Quand Akim eut raconté à Mavra ce dont il avait été le témoin dans le silo, et que celle-ci, le plus doucement qu’elle put, l’eut redit à sa maîtresse, ce fut une scène de désespoir indescriptible.
Tatiana Vassilievna, maintenant que le malheur qu’elle avait pressenti était consommé, ne pouvait croire qu’il fût possible. Et le pis, c’est que la chose ne devait pas avoir de fin!... Une longue, longue misère qui allait durer toute la vie!
On consulta les spécialistes de Kieff; puis Vadim partit pour Pétersbourg, chargé de consulter le célèbre psychiâtre Bogdanoff.

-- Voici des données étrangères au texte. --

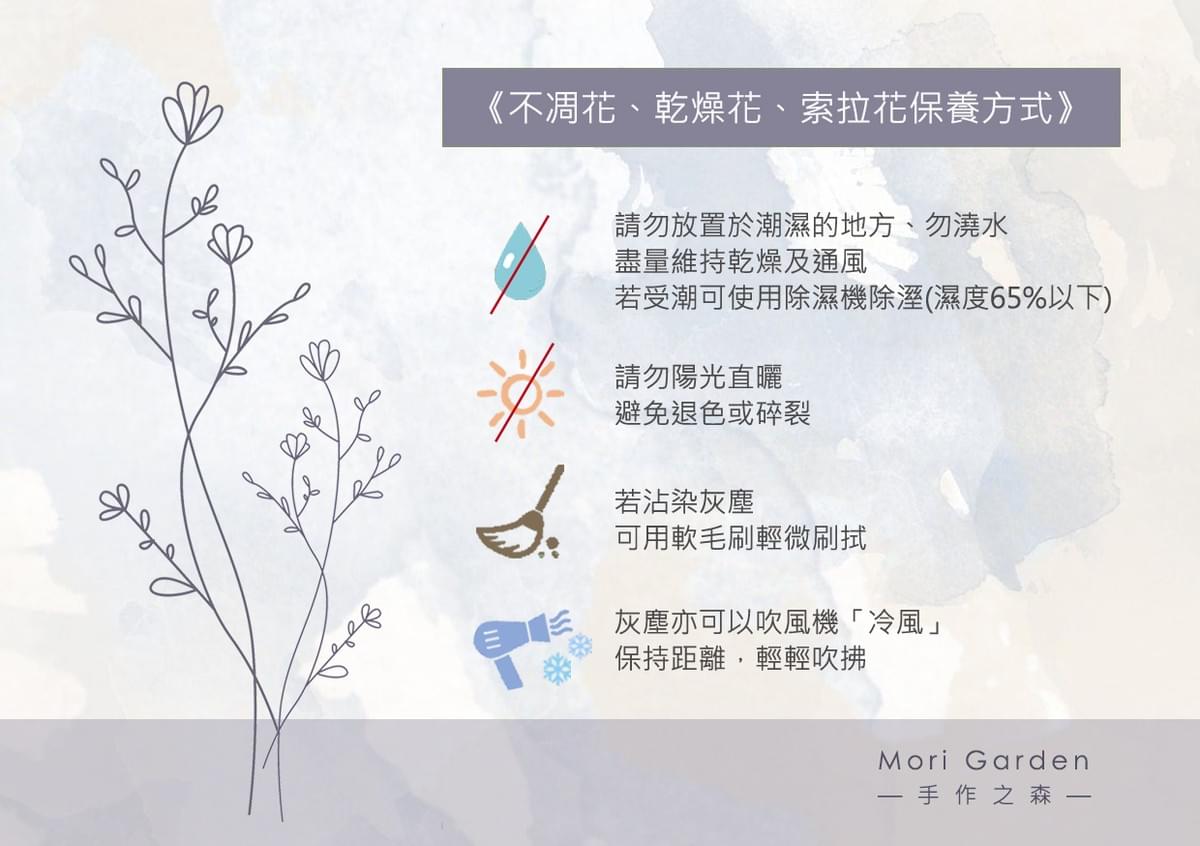 永生桌花｜生如夏花(中型)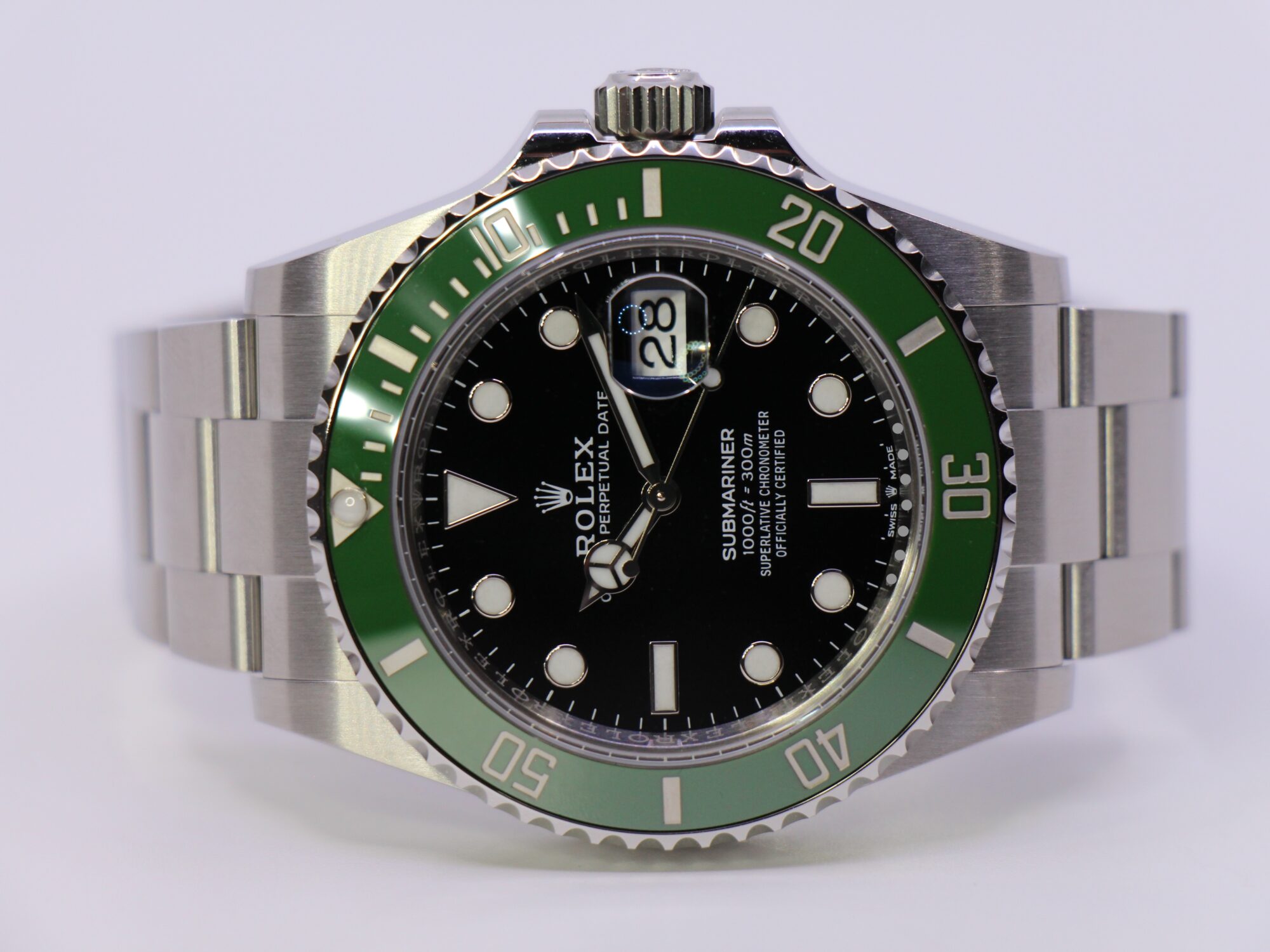 ROLEX SUBMARINER DATE 126610LV "MK2" - LIKE NEW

Le praticien, comme ses confrères plus humbles, était d’avis de ne soumettre Sacha à aucun traitement spécial. «La vie de nos cliniques, dit-il au jeune homme, est bonne pour les aliénés qui ne peuvent être soignés chez eux ou pour les fous dangereux que l’on craint. Dans le cas présent, rien ne vaudrait la vie de liberté et de grand air et les soins de chaque instant dont le sujet jouit. D’ailleurs, puisque la moindre résistance à ses caprices a des effets si déplorables, mieux vaut laisser aller les choses jusqu’au jour—qui n’arrivera pas, espérons-le—où une intervention par la force deviendrait nécessaire. On sait encore bien peu de chose sur la folie héréditaire, avait conclu l’aliéniste, et c’est malheureusement la plus difficile à guérir. Sur un mal accidentel, on peut avoir des prises; mais, contre une tare de plusieurs générations!...»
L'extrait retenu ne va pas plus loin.